--- DATA EXTRACT Enclosed Below ---
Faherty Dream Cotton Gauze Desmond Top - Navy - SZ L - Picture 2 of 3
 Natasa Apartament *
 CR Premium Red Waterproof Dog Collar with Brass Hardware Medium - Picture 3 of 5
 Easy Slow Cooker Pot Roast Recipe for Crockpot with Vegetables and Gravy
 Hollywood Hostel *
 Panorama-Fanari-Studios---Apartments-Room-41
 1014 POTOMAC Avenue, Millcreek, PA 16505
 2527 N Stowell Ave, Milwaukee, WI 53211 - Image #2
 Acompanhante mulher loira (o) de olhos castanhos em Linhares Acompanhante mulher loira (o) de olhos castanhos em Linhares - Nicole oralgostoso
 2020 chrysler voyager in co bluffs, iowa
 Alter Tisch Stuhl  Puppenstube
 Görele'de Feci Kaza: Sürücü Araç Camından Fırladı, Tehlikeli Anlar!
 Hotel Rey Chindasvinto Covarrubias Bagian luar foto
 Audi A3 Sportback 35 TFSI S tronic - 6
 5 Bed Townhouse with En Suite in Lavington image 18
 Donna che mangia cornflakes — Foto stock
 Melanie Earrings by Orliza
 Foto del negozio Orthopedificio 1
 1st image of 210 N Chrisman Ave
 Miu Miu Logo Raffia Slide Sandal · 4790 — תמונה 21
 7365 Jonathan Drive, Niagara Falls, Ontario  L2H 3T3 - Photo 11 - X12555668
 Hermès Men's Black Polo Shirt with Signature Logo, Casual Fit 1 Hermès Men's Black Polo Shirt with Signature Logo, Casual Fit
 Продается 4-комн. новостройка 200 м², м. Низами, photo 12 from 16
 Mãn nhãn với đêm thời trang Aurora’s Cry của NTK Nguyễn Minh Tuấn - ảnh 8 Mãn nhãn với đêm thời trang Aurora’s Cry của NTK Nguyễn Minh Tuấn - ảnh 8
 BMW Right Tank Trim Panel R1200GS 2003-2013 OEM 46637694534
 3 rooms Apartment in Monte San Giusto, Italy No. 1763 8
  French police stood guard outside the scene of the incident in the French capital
--- End of Enclosed DATA EXTRACT ---
HOW TO COMPLETE THIS TASK — The response should consist of all the entries, transcribed exactly.

SOLUTION FOR THIS TASK —
Faherty Dream Cotton Gauze Desmond Top - Navy - SZ L - Picture 2 of 3
 Natasa Apartament *
 CR Premium Red Waterproof Dog Collar with Brass Hardware Medium - Picture 3 of 5
 Easy Slow Cooker Pot Roast Recipe for Crockpot with Vegetables and Gravy
 Hollywood Hostel *
 Panorama-Fanari-Studios---Apartments-Room-41
 1014 POTOMAC Avenue, Millcreek, PA 16505
 2527 N Stowell Ave, Milwaukee, WI 53211 - Image #2
 Acompanhante mulher loira (o) de olhos castanhos em Linhares Acompanhante mulher loira (o) de olhos castanhos em Linhares - Nicole oralgostoso
 2020 chrysler voyager in co bluffs, iowa
 Alter Tisch Stuhl  Puppenstube
 Görele'de Feci Kaza: Sürücü Araç Camından Fırladı, Tehlikeli Anlar!
 Hotel Rey Chindasvinto Covarrubias Bagian luar foto
 Audi A3 Sportback 35 TFSI S tronic - 6
 5 Bed Townhouse with En Suite in Lavington image 18
 Donna che mangia cornflakes — Foto stock
 Melanie Earrings by Orliza
 Foto del negozio Orthopedificio 1
 1st image of 210 N Chrisman Ave
 Miu Miu Logo Raffia Slide Sandal · 4790 — תמונה 21
 7365 Jonathan Drive, Niagara Falls, Ontario  L2H 3T3 - Photo 11 - X12555668
 Hermès Men's Black Polo Shirt with Signature Logo, Casual Fit 1 Hermès Men's Black Polo Shirt with Signature Logo, Casual Fit
 Продается 4-комн. новостройка 200 м², м. Низами, photo 12 from 16
 Mãn nhãn với đêm thời trang Aurora’s Cry của NTK Nguyễn Minh Tuấn - ảnh 8 Mãn nhãn với đêm thời trang Aurora’s Cry của NTK Nguyễn Minh Tuấn - ảnh 8
 BMW Right Tank Trim Panel R1200GS 2003-2013 OEM 46637694534
 3 rooms Apartment in Monte San Giusto, Italy No. 1763 8
  French police stood guard outside the scene of the incident in the French capital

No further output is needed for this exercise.